> Extracted information
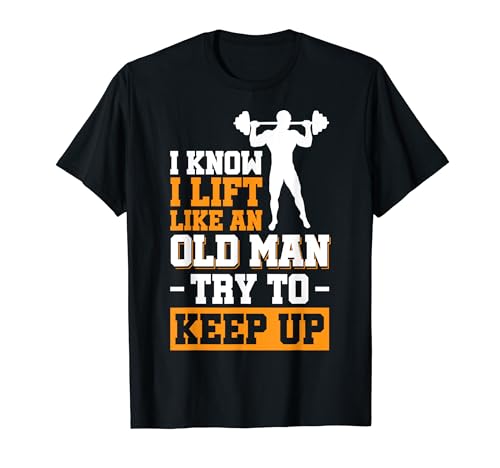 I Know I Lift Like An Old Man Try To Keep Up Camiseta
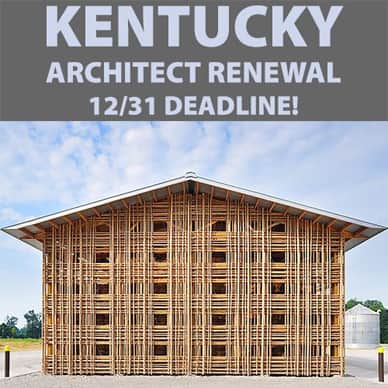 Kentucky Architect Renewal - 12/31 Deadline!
---
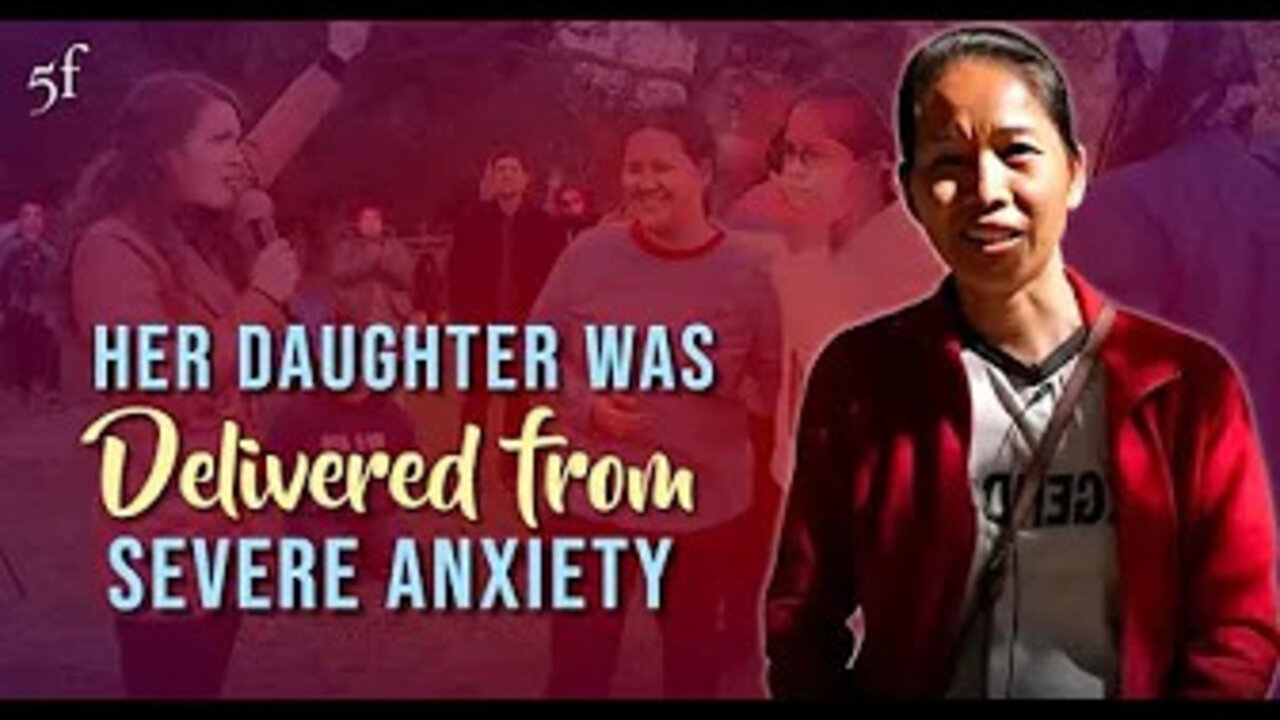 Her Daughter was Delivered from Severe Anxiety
==
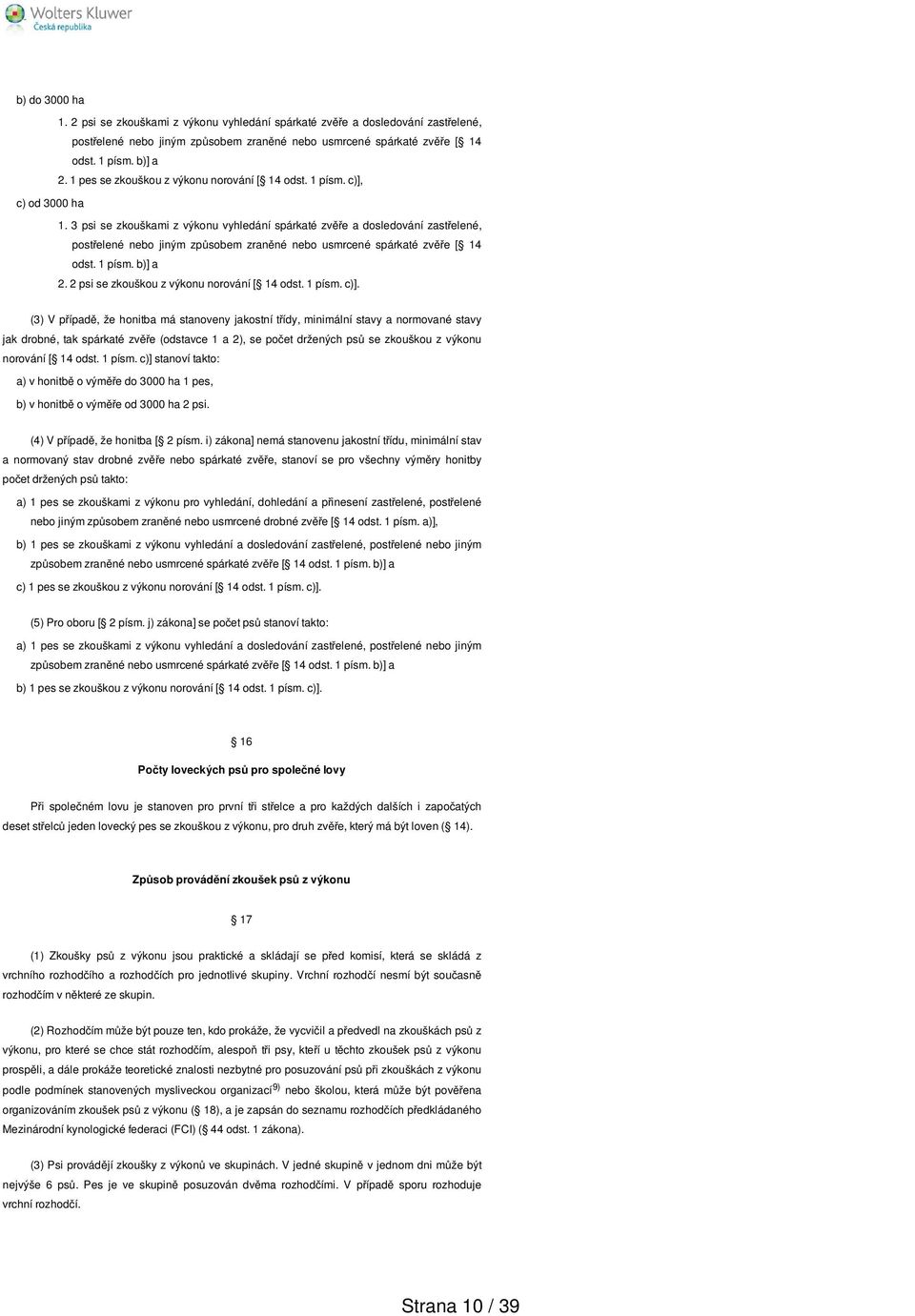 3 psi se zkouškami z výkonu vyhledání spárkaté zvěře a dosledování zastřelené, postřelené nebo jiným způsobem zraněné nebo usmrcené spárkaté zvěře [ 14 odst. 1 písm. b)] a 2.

> Your assignment
Go down the entries above from the line containing "I Know I Lift" to the line containing "Kentucky Architect Renewal - 12/31 Deadline!" and write out each line exactly, leaving pictures out.

> Expected answer
 I Know I Lift Like An Old Man Try To Keep Up Camiseta
 Kentucky Architect Renewal - 12/31 Deadline!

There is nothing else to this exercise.